While the preceding and following chapters — especially the following five  — are focused largely on design and sidewalk life, “The use of city neighborhoods” examines these building blocks” roles in self-government. Jacobs asserts that there are functionally only three types of city neighborhoods: the city as a whole, individual city streets and “districts,” which serve the role of mediating between the individual city street and the city government as a whole.

The word “neighborhood” must be one of the most-used words in urban planning, history and sociology. Whole books examine the subject; Chicago, along with many other cities, likes to call itself a “city of neighborhoods.” I’m not well-versed in analyzing political power of city districts, which this chapter really strays into, but I’ve been able to perceive a lot of the power that the idea of “neighborhood” has.

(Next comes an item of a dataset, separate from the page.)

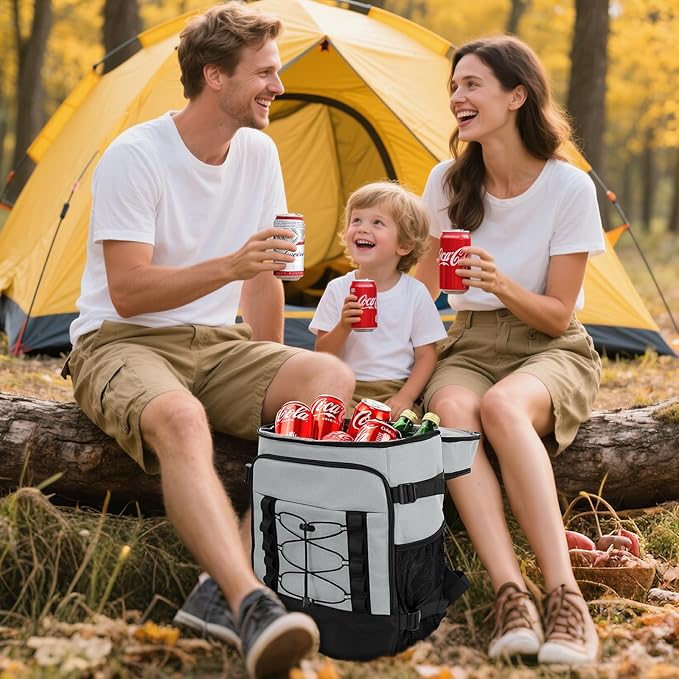 Cooler Backpack - 40 Cans Insulated Backpack Cooler for Men & Women, Portable 2 Leak Proof Compartments Coolers Bag for Beach Travel Picnic Lunch Hiking BBQ Camping - MIYCOO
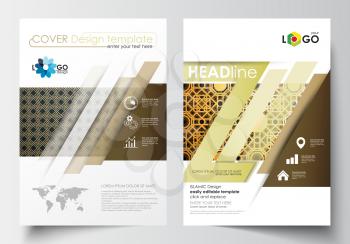 Business templates for brochure, magazine, flyer, booklet or annual report. Cover design template, easy editable blank, flat layout in A4 size. Islamic gold pattern, overlapping geometric shapes formi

People are fascinated with knowing neighborhood boundaries. Chicago has 77 “community areas,” which have remained unchanged since the 1920s when they were drawn by University of Chicago researchers; they’re used to this day as a basis for comparisons and statistics. While some, like West Town, comprise what almost everyone would think of as several separate neighborhoods (Logan Square, Wicker Park, Bucktown), other community areas such as Edgewater clearly coincide with what most Chicagoans would think of as one neighborhood — this last community area in fact separated from the Uptown community area in a rare secession in the 1970s.

I always feel like I can perceive street neighborhoods the most clearly visualized during the summer when there are seemingly millions of street festivals — Chicago’s highly regular grid results in major streets every half-mile (with a number of exceptions), and there are often half-mile or three-quarter-mile long festivals all the time.

One of my favorite websites, Every Block, allows you to enter your address and you get local news, which is sorted by a variety of different designations; variously by ward, ZIP code, neighborhood, community area, address). While some of these, such as ZIP code, aren’t really functional mental decisions — do you think of yourself as a resident of your ZIP/postal code? with few exceptions à la 90210, you probably don’t — it does make you think about the groupings in which you see yourself.

Jacobs mentions that “the first relationships to form in city areas” are often among local civic organizations, such as civic leagues, PTAs, political clubs, etc. I do wonder if in our modern-day age, with higher rates of Internet usage and declines in traditional club membership, if this still holds true in our day.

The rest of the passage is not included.